Lordstown Motors Unlikely To Press Legal Charges Against Former Chief For Allegedly Misleading Investors
The details of Mr. Burns's compensation following his departure from Lordstown are mentioned in the company's SEC filing made earlier today. They reveal several important details, such as the compensation the former CEO will receive after his resignation and whether Lordstown will or will not press any charges against him for any actions taken before the separation and release agreement was signed.
Detailing the compensation that Mr. Burns will receive over the next couple of months, the letter details that he will be paid $750,000 over the course of eighteen months as his base salary.
Specifically, as stated in the letter:
Without prejudice to any rights or claims the Company may have to the contrary under the Amended and Restated Employment Agreement between you and the Company, dated November 1, 2019 (the “Employment Agreement”) or otherwise, all of which are hereby reserved, the Company is willing to offer you, in connection with your termination of employment, an amount equal to $750,000, which will be paid in eighteen (18) equal installments each month during the eighteen (18) months following the Termination Date[EMPHASIS ADDED]in accordance with the Company’s customary policies and normal payroll practices, conditioned upon and subject to your execution and non-revocation of a general release and waiver of claims in the form set forth on Exhibit A hereto (the “Release”) and compliance with all other terms and conditions of the Release and the Employment Agreement.
The letter also lays out that Mr.

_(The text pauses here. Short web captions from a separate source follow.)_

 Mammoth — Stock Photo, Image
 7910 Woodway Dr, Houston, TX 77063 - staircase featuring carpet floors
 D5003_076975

Burns has been released from any claims Lordstown might have had against him prior to the date it's written on.
Specifically, as it notes:
In addition, contingent upon your execution and non-revocation of the Release, the Company shall (1) reimburse you for your reasonable legal fees incurred in negotiating this letter or the Other Documentation and (2) release you from any claims the Company may have against you based on actions taken prior to the date hereof that the lead independent director of the Company or the chair of the governance committee of the Company have actual knowledge of as of the date hereof[EMPHASIS ADDED].

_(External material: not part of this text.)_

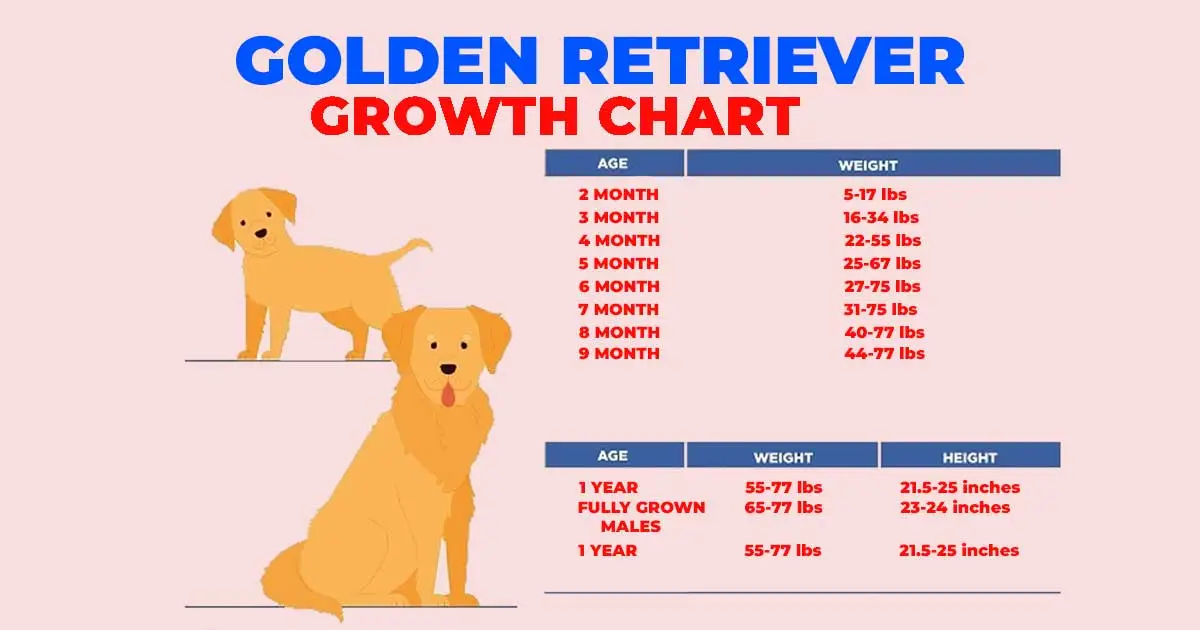 Golden Retriever Growth Chart: From Puppyhood to Adulthood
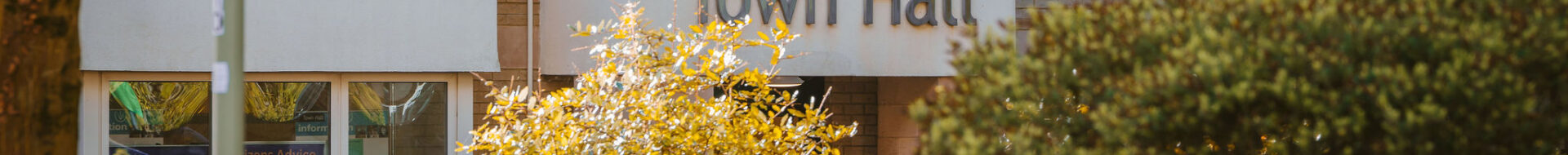 New Milton autumn tree in front of the town hall sign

Mr. Rodriguez's post-retirement compensation is lesser than Mr. Burns's, but he has been allowed to retain the option of vesting his stock options. The specifics of his agreement reveal that the former CFO will be paid $200,000 over the course of the six months and that his options with an exercise price of $1.79 will be allowed to vest on the first day of November this year.
As the letter reads:
. . . .the Company is willing to offer you, in connection with your termination of employment: (i) an amount equal to $200,000, which will be paid in six equal installments each month during the six-month period following the Termination Date[EMPHASIS ADDED]in accordance with the Company’s customary policies and normal payroll practices, and (ii) continued vesting of the Company stock options granted to you with an exercise price per share equal to $1.79, which are scheduled to vest in full on November 1, 2021[EMPHASIS ADDED], in each case, conditioned upon and subject to your execution and non-revocation of a general release and waiver of claims in the form set forth on Exhibit A hereto (the “Release”) and compliance with all other terms and conditions of the Release and the Employment Agreement.

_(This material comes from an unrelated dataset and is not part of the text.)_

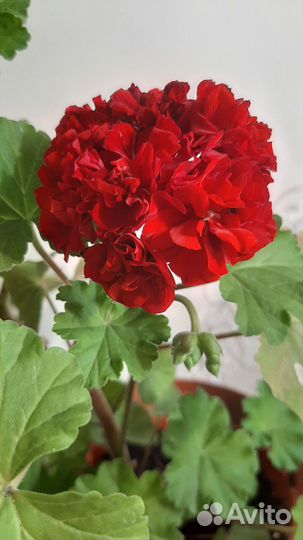 Пеларгония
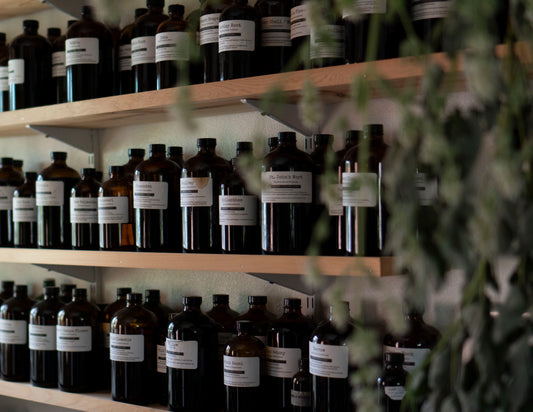 💧Herbal Tinctures 101 - Part 2/3 Medicine Making Series - Nov. 6th, 2025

Mr. Burns will be replaced by Ms. Angela Strand, appointed as Lordstown's Executive Chir and who will be responsible for the company's daily operations until a permanent replacement is brought on board. Mr. Rodriguez will be replaced by Ms. Becky Roof, who will serve as Lordstown's interim CFO.
Her appointment comes through an agreement Lordstown has entered with AP Services, LLC. This agreement puts her in charge of overseeing the company's ongoing SEC investigation, managing Lordstown's finances, developing a new business plan and communicating with investors about the need to raise more capital.